Community called for Amber Alert

Her community, the We’koqma’q First Nation in Cape Breton, had been calling for an Amber Alert to be issued. The We’koqma’q band council had also offered a $5,000 reward for information that would help find the girl.

Coun. Steven Googoo has told CBC that Doyle was at one time the teen’s stepfather, and her family thinks she was manipulated into leaving with him.

But police had said they couldn’t put out an Amber Alert because her case didn’t meet the criteria.

“The person has to be abducted and because of her age and her willingness to co-operate, she was not abducted on that day,” Cpl. Lisa Croteau said on Wednesday. 

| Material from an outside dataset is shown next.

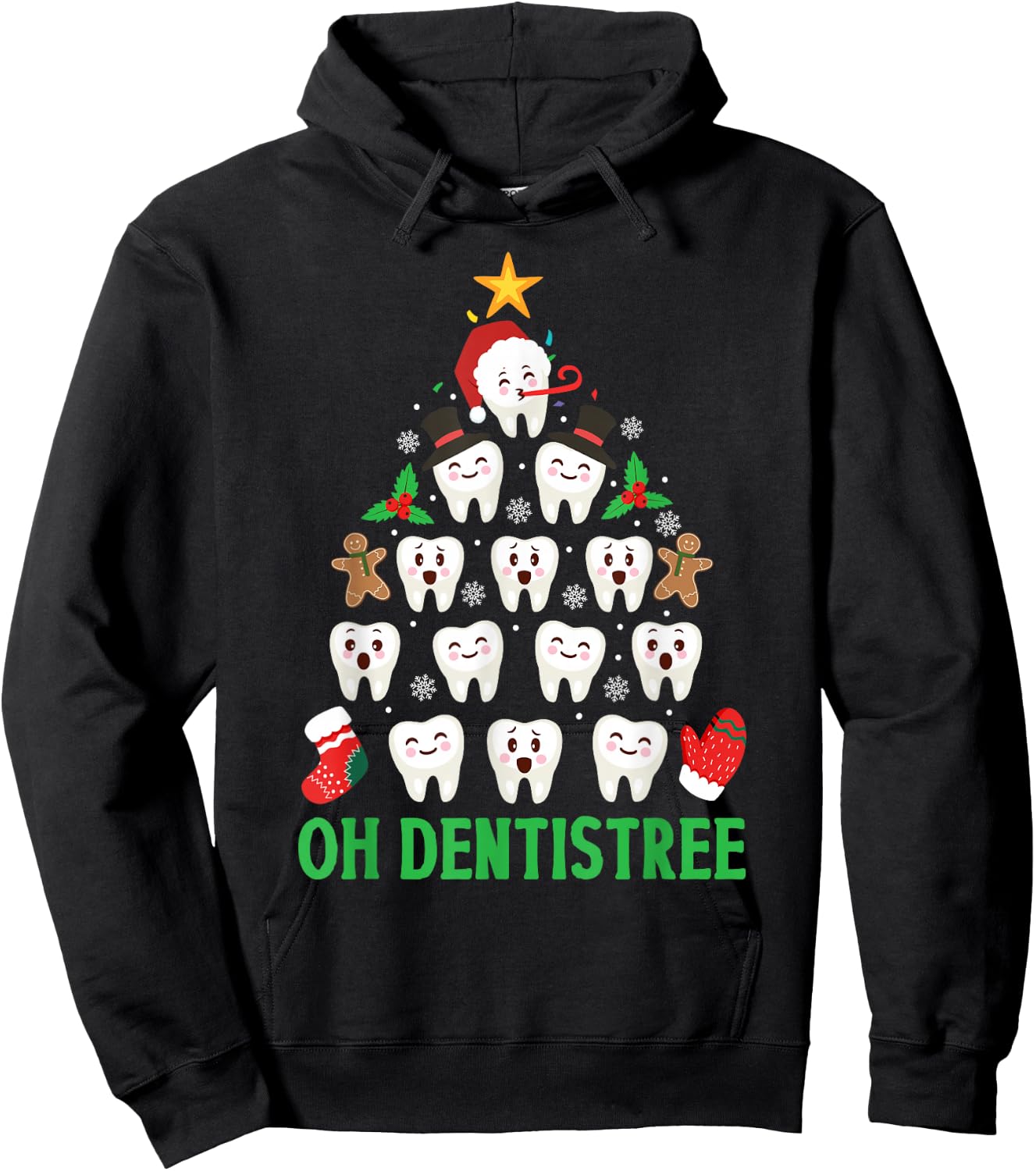 Christmas Dentist Shirt Oh Dentistree Funny Xmas Dental Hoodie - Hoodie | Black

An emergency alert was sent out early Thursday to those in a specific region of southeast Cape Breton, where they believed Doyle and the girl were at the time.

They urged people in the Canoe Lake area to keep an eye out for the girl, who was believed to be in the area around 7 p.m. Wednesday on a green ATV.

Volunteers organized search

According to court records, Doyle is due in provincial court next month on an assault charge and has a number of past convictions.

He was also banned from We’koqma’q First Nation earlier this year.

Volunteers from various Mi’kmaw communities had organized their own search with 40 people and at least 25 all-terrain vehicles. That search was independent of police, but any tips that came in were forwarded to them.

Croteau said RCMP were working with the provincial Department of Lands and Forestry to get a helicopter to help, along with the RCMP canine team. Multiple Mountie detachments and Cape Breton Regional Police assisted with the investigation.